Wednesday’s news conference at the Bavarian Ministry of Education and Cultural Affairs announcing plans for the memorial took place a day before a ceremony in Israel marking the 41st anniversary of the attack by the Palestinian terrorist group Black September.
The planned hall of remembrance is slated to be built near the site that housed the games and will cost 1.7 million euros (approximately $2.25 million). It will allow visitors to learn about the events and the victims — 11 Israeli athletes and coaches along with the police officer — as well as to view the site of the the failed rescue attempt at the Furstenfeldbruck airfield.

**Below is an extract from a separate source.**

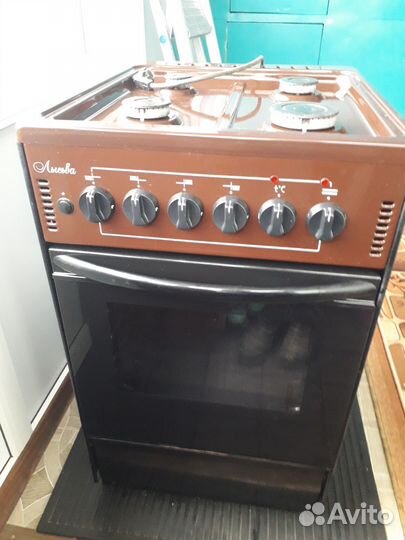 Газовая плита б/у с электрической духовкой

Ultimately the airport’s tower will be included in the memorial.
The memorial is scheduled to be completed by 2016.
“We must not forget the victims,“ Bavarian Minister of Education and Cultural Affairs Ludwig Spaenle said at the news conference.
The memorial was designed by a team under the auspices of the ministry in consultation with relatives of the victims, the consul general of Israel, experts from the concentration camp memorial at Flossenburg, the Jewish Museum in Munich and the Bavarian State Ministry for Political Education.
Spaenle said it also will attempt to address questions about the impact of the attack and the importance of remembrance.
According to a statement from Spaenle’s office, Israeli Foreign Ministry department manager for Western Europe Ilan Ben Dov called the 1972 attack “a trauma for my entire generation.”
“Every Israeli group that comes to Germany as part of a youth exchange and educational cooperation should visit this site,” Ben Dov said in the statement.
As the ceremony in Israel coincides with the Jewish New Year, representatives of Germany’s Jewish community will not be able to attend. But Charlotte Knobloch, head of the Bavarian Jewish community and of its Munich branch, issued a statement on Wednesday praising the memorial effort and the importance of remembering an “attack on all proponents of open, liberal and democratic society.”
Naming all the victims, Knobloch also thanked the state of Bavaria and Germany as a whole for “their recent efforts to ensure a transparent explanation of the events of 1972 and to answer the last remaining questions from family members and Israeli authorities, in cooperation with them.”